Самым странным было то, что Николас, казалось, переносил все легче, чем его старший брат. Силой Николас никогда не отличался, но упорства ему было не занимать. Упорство это раздражало Пита, побуждая его к еще большей суровости, но мне кажется, что даже он поневоле восхищался Николасом. И лишь потом, перед самой свадьбой Баренда, Николас вдруг заупрямился по-иному, сделался угрюмым и вспыльчивым, нередко выходил из себя, чем вызывал у Пита новые вспышки ярости, а у меня — все чаще повторявшиеся мучительные головные боли, которые были для меня сущим проклятием.
Я никому на них не жаловалась. Я не должна выказывать слабость тела или духа, если хочу уберечь и сохранить последние крупицы гордости. Я не желала такой жизни и не смогла смириться с ней, но раз уж я убежала с ним тогда, то должна жить и выжить. Быть может, в этом и заключалась единственная отпущенная человеку возможность проявить свою любовь к этой суровой и жестокой земле: мягкость тут неуместна, только крепкие люди доживают здесь до старости. Но как много лет и как много страданий потребовалось, чтобы понять это.

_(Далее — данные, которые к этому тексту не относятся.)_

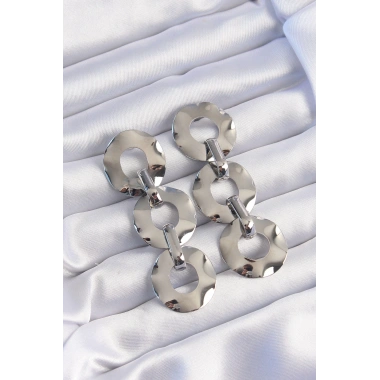 Pirinç Gümüş Renk Oval Ayna Model Sallantılı Küpe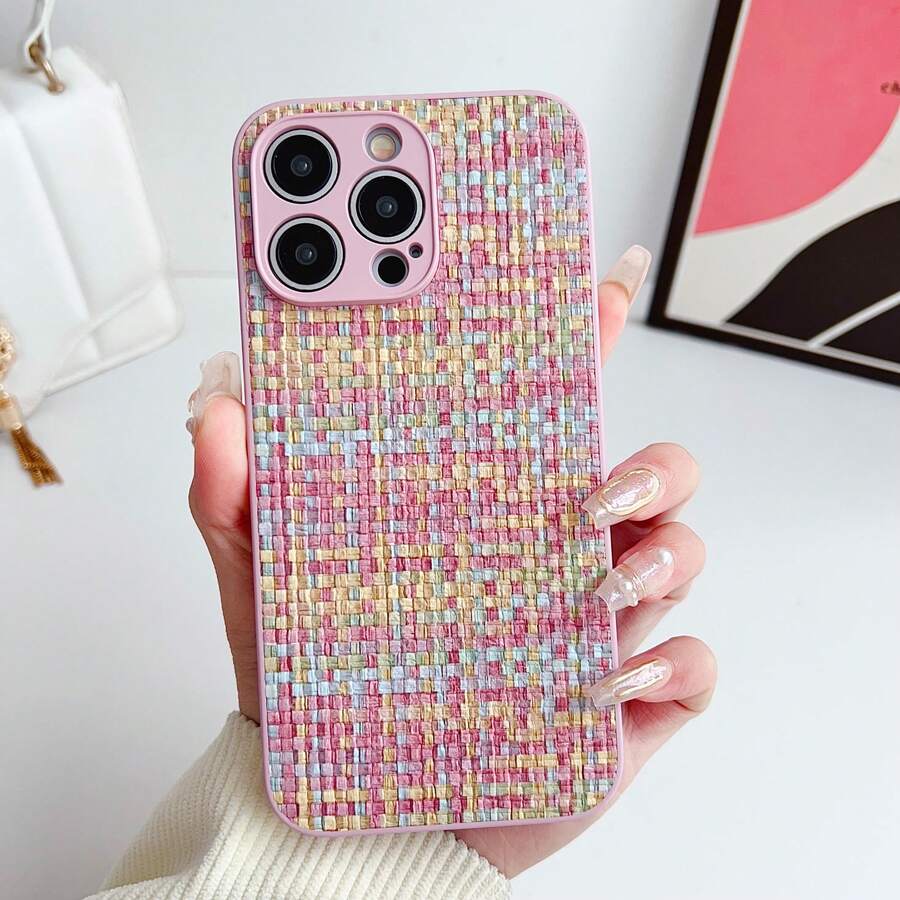 2-In-1 Knitted Texture Shockproof Protective Phone Case, Compatible With Iphone 11 12 13 14 15 16 Pro/Pro Max Series - Multicolor - View 1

Бывали и минуты слабости, обычно по ночам, когда я спрашивала себя: что произошло бы, если бы я отказалась убежать с Питом? Какая жизнь ожидала бы меня, если бы я вышла замуж за своего иностранца в щегольском наряде и стала бы мадам Даль ре? Вопрос оставался, но лишь тенью в сравнении с резким светом моего реального существования — неосуществимая, может быть, даже и не желанная мечта.